Using ArenaAllocator in a short-lived command-line zig program

biosbob · April 3, 2024, 6:07pm

i’m writing a command-line program in zig that will do some “simple” reading/writing of ~50 files which each contain no more than 200 lines of text… once the processing finishes (in seconds, not minutes) the program exits…

currently, i’m taking a somewhat brute force approach to memory management:

i create a single std.heap.ArenaAllocator in my main.zig, which is used everywhere an Allocator is needed; and
i have a defer arena.deinit() statement immediately following, which will presumably free everything in one place…

said another way, there are many functions that return some object which (according to their docs) i’m responsible for freeing… KNOWING that i’m using an ArenaAllocator, what’s the point of adding a bunch of defer statements that are essentially invoking a “free NOP”… (clearly, were i to use a different sort of allocator, this would be important)…

in certain cases (eg., some config file parsers i’m playing with), it appears that the parser creates its own ArenaAllocator which is freed along with results of the parser in some defer parsed_obj.deinit() statement…

should i really worry about this if (say) i’m only parsing a handful of files???

and what about files themselves… i’m assume i should be “closing” files once they are no longer needed – which is yet another defer file.close() statement…

so what i’m still trying understand is this: given my use of an ArenaAllocator, what are some guidelines for how much “incremental release of resources” i should still concern myself with given the short-lived nature of my command-line program???

dimdin · April 3, 2024, 6:45pm

How ArrenaAllocator works:
ArenaAllocator has a child allocator and a linked list of buffers. For child_allocator, my recommendation is to pass a c_allocator if you already link with libc otherwise a page_allocator.
The first time you allocate memory a new buffer is created (for the requested size) and a linked list node is added that points to that buffer. The second allocation tries to increase the size of the buffer, if it cannot increase the size of the buffer a new buffer is allocated and added as a new node in the linked list. Each time you call free, if you free the last allocation, the free is effective, otherwise it is a nop.
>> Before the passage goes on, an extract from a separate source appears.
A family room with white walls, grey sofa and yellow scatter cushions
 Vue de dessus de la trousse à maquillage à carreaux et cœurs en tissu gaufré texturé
You don’t have to call free, and the free call is effective if and only if the free is for the last allocation.

If you pass your ArenaAllocator as a child_allocator for the parser you don’t have to free anything.

This have nothing to do with ArenaAllocator. You must close the files to ensure that buffers are flushed.

Your must still manage any resources such as files or sockets. But you don’t have to worry about memory (at least until you hit an out of memory limit).

kristoff · April 3, 2024, 7:04pm

if your program is not memory hungry, which should be the case if an arena allocator works for your usecase (since it doesn’t really free memory), then you might even opt for not deiniting it at the end of the program.

leak the memory and have the OS clean that up for you. it’s a legitimate technique, plenty of programs do that.

AndrewCodeDev · April 3, 2024, 8:52pm

Short lived arenas are also used under the hood in the standard library. We just recently got a question about the json module and you can see functions creating arenas under the hood to help with parsing before getting evacuated after the function call.